The premise of this blog and generally of my writing is that the Net is a swamp filled with the gold which will cause global enlightenment as the 21st century rolls on. Both Gilder’s and Zimmer’s Microcosms describe the sort of swamp where tiny pieces interact to cause it all. In the golden swamp, gold too is micro. Take this sample (page 43) from Zimmer:

How does E. coli’s metabolism manage to stay so supple when it is made up of hundreds of chemical reactions? With thousands of possible pathways it could choose from, why does it choose among the best few? Why doesn’t the whole system simply crash? Part of the solution lies in the shape of the network itself, the very layout of the labyrinth.

How does the massive heap of information we call Wikipedia emit supple knowledge. With millions of of possible paths to webpages to choose among why does Google choose to place the best few at the top? Why does the chaos of content connections online make sense emerge instead of just crashing?

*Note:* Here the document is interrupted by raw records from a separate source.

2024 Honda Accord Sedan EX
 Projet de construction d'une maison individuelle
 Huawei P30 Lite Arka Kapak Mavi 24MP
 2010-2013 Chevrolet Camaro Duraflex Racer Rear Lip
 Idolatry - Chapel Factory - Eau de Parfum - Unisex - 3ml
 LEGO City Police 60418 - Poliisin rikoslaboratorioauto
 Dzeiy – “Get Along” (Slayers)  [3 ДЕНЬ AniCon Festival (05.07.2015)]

There are big answers for understanding the future of learning in two principles at work here.
First: Yes, the Net is a content microcosm — what happens emerges from of cosmos of tiny pieces.
Second: That cosmos is a network. Zimmer writes (page 42): “In neither case does robustness come from some all-knowing consciousness. It emerges from the network itself.”

As Gilder has done in the past, Zimmer exercises our thinking for getting our heads around online education. We need to know we fail when we impose some all-knowning education practice from the analog world. Letting E. coli show us the robustness, flexibility, and versatility of micro bits in the action of life suggests how we might entice knowledge to emerge from the content of the Net.